Everything from the line that contains "Giocattoli: Barbie Pferd" to the final line of the data, both ends included, must be set down exactly, apart from the pictures.

▶ **Input data**:
┏━━
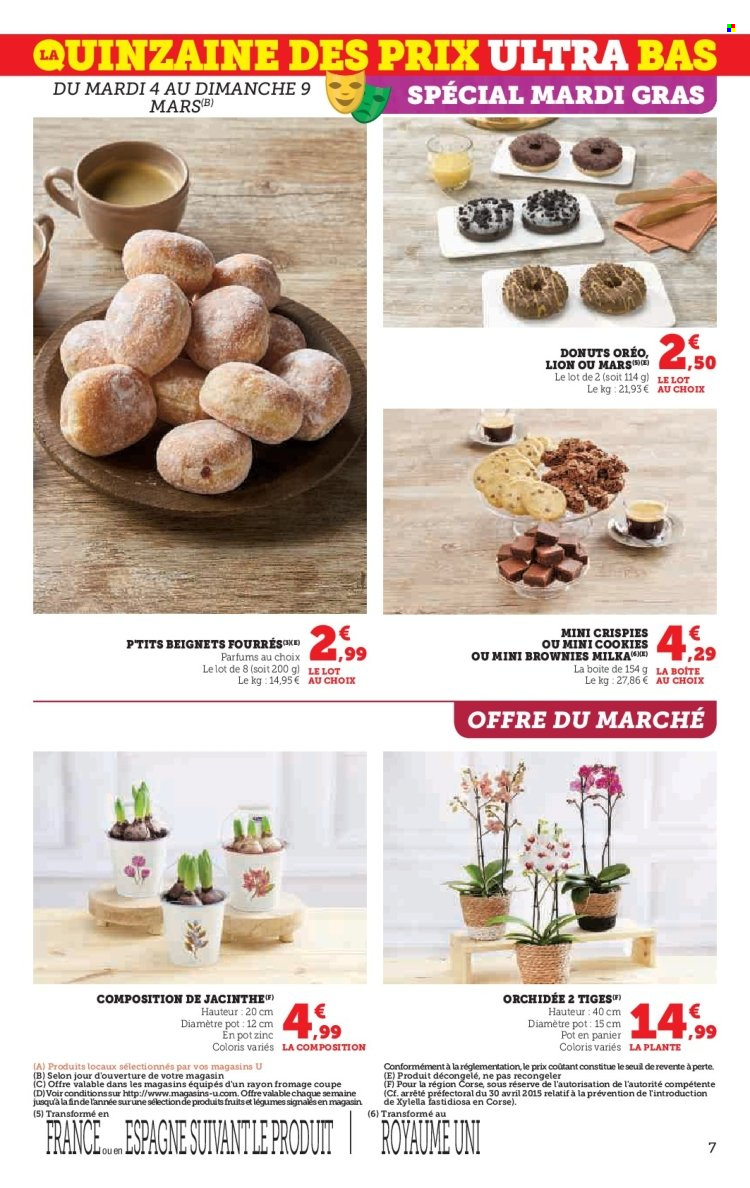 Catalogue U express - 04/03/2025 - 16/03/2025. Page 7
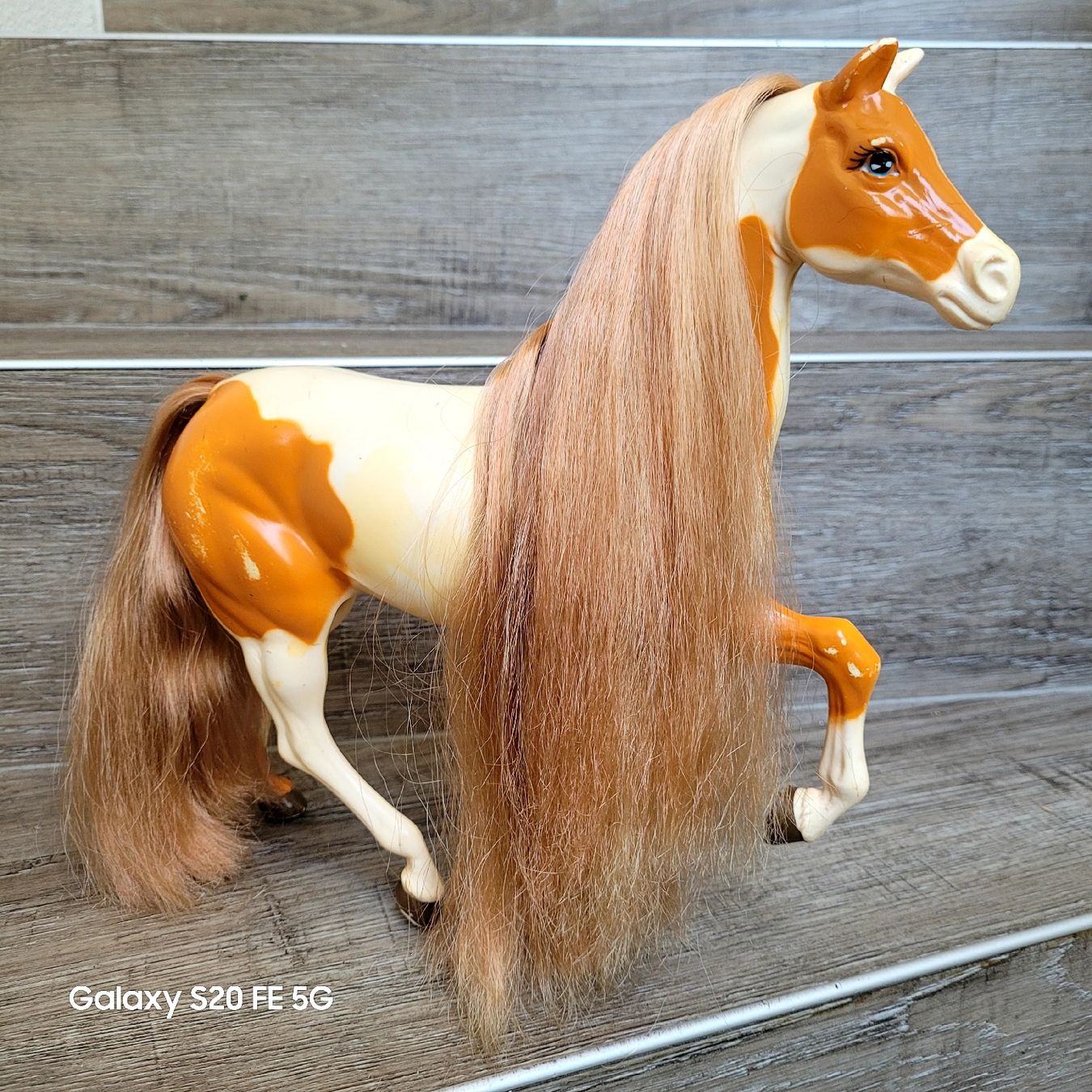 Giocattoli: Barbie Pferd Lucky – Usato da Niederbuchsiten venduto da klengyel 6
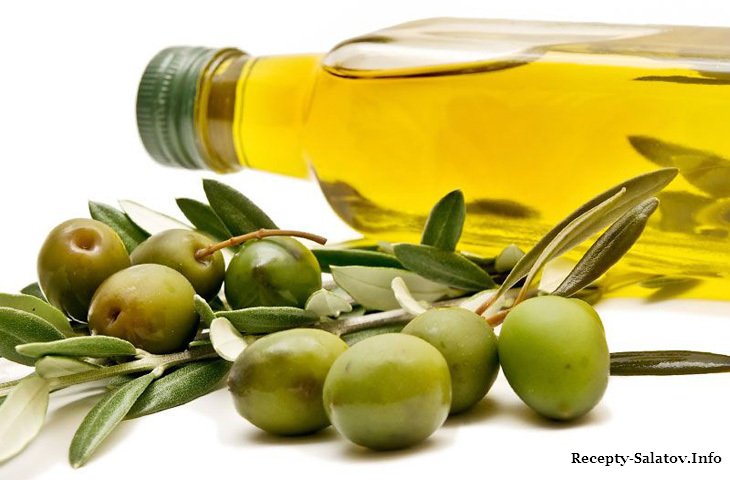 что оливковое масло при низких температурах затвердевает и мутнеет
┗━━
▶ **Exercise result**:
 Giocattoli: Barbie Pferd Lucky – Usato da Niederbuchsiten venduto da klengyel 6
 что оливковое масло при низких температурах затвердевает и мутнеет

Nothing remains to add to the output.